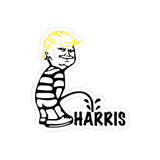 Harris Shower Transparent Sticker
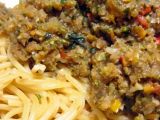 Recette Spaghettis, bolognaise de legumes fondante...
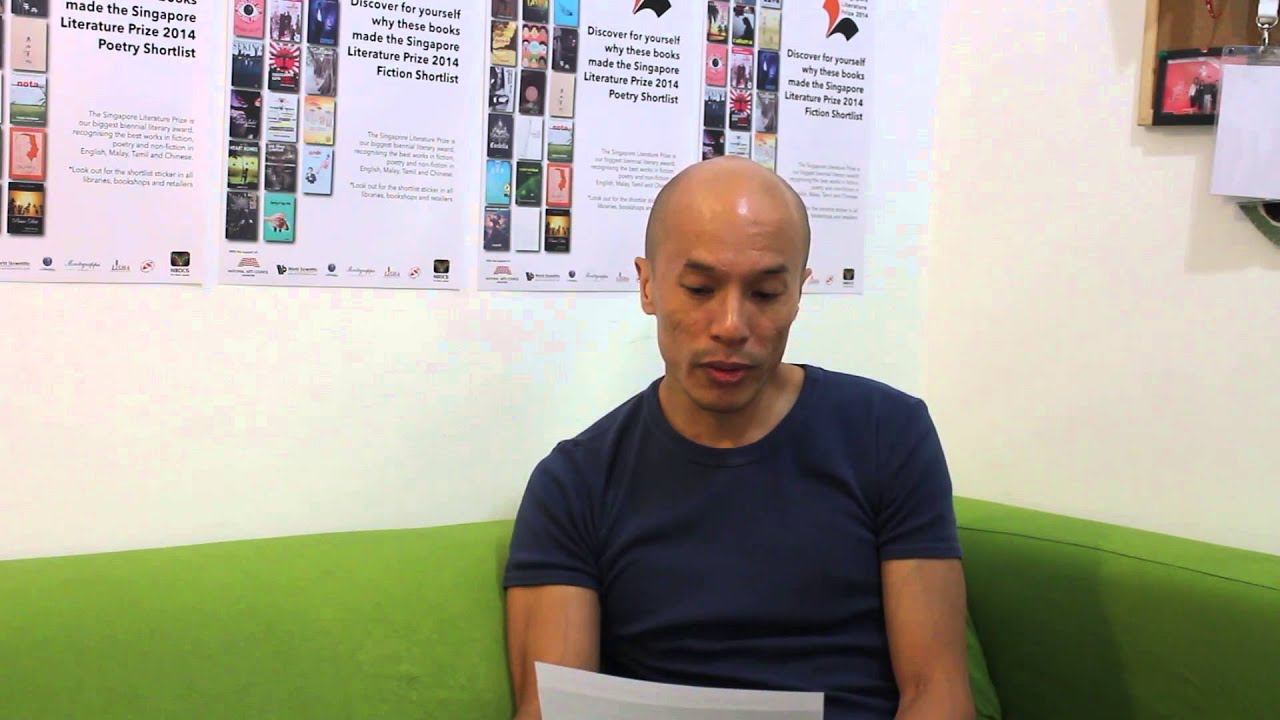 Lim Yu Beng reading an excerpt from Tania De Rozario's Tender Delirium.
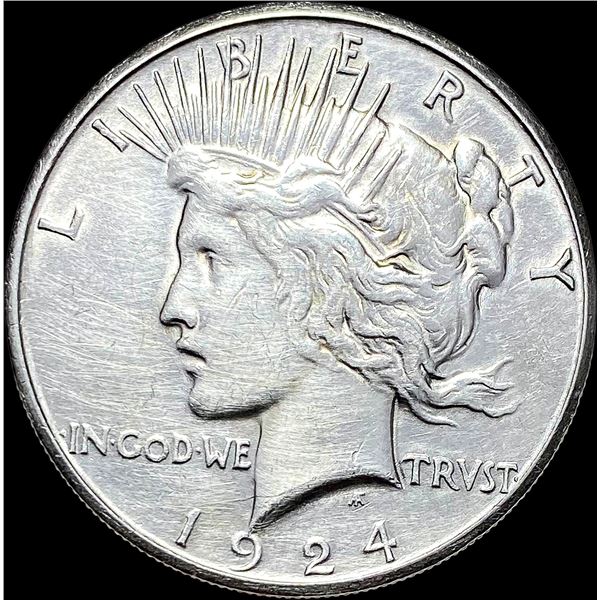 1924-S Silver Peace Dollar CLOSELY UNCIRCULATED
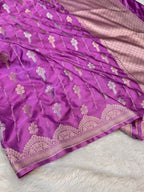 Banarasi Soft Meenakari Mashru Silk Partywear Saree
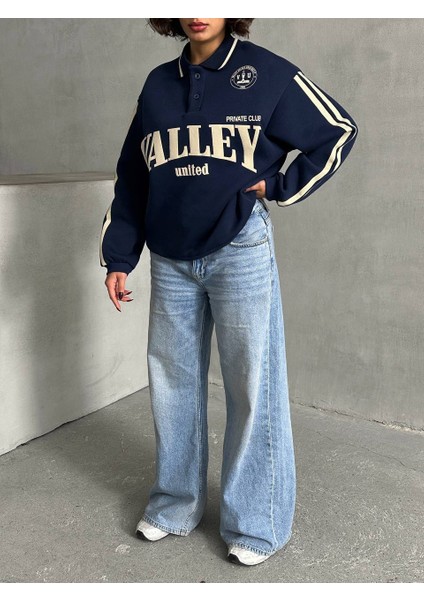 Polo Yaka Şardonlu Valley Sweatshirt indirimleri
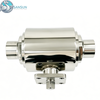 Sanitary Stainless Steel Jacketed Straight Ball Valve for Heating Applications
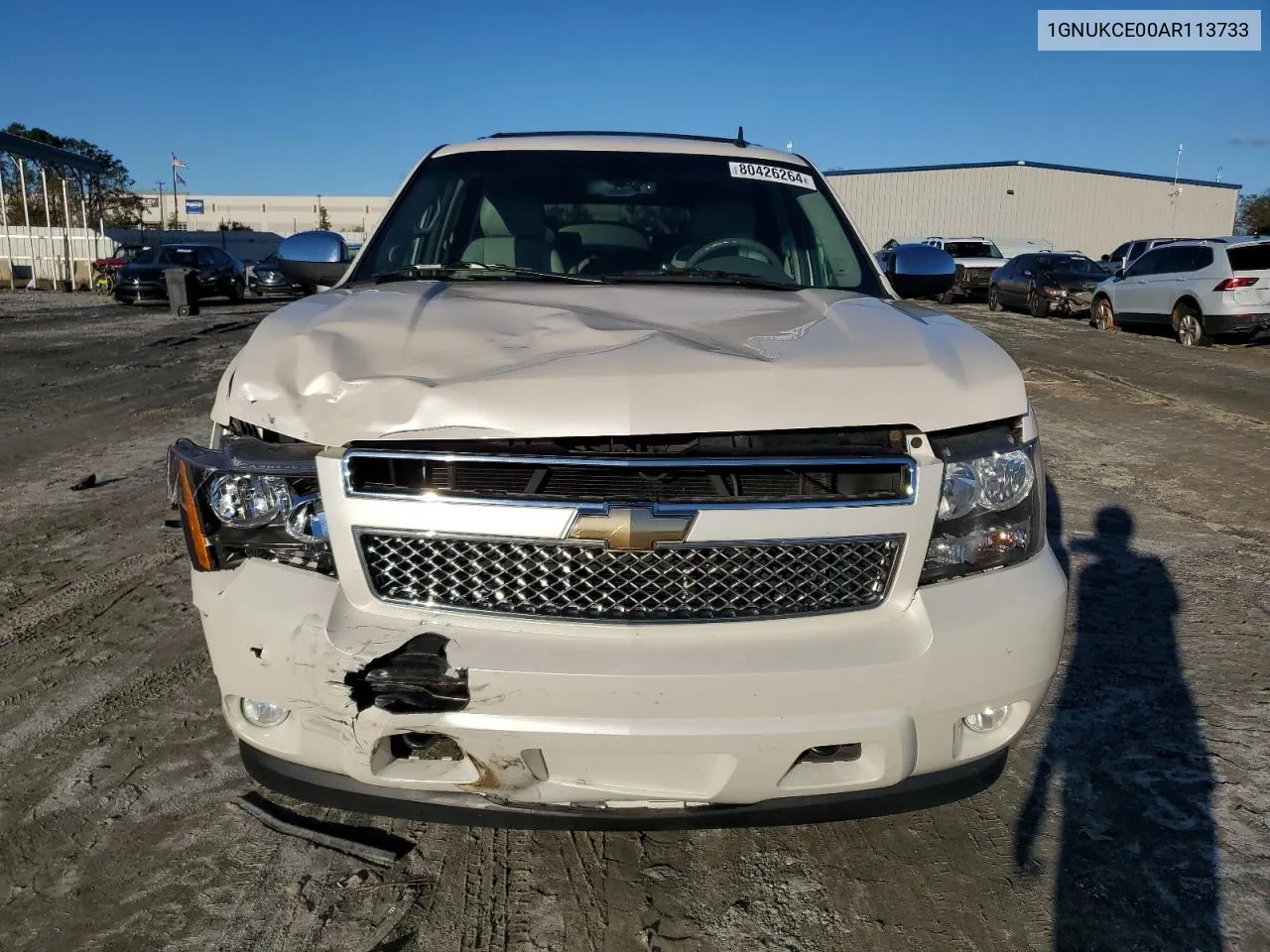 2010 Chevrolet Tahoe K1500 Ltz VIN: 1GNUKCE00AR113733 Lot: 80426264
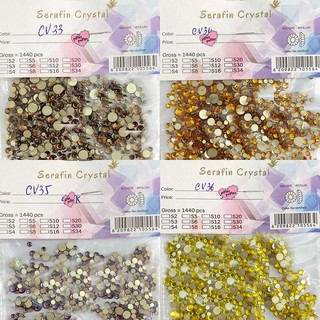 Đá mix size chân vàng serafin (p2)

Task instructions: Print the full listing exactly, dropping the pictures.

Task response:
 Harris Shower Transparent Sticker
 Recette Spaghettis, bolognaise de legumes fondante...
 Lim Yu Beng reading an excerpt from Tania De Rozario's Tender Delirium.
 1924-S Silver Peace Dollar CLOSELY UNCIRCULATED
 Banarasi Soft Meenakari Mashru Silk Partywear Saree
 Polo Yaka Şardonlu Valley Sweatshirt indirimleri
 Sanitary Stainless Steel Jacketed Straight Ball Valve for Heating Applications
 2010 Chevrolet Tahoe K1500 Ltz VIN: 1GNUKCE00AR113733 Lot: 80426264
 Đá mix size chân vàng serafin (p2)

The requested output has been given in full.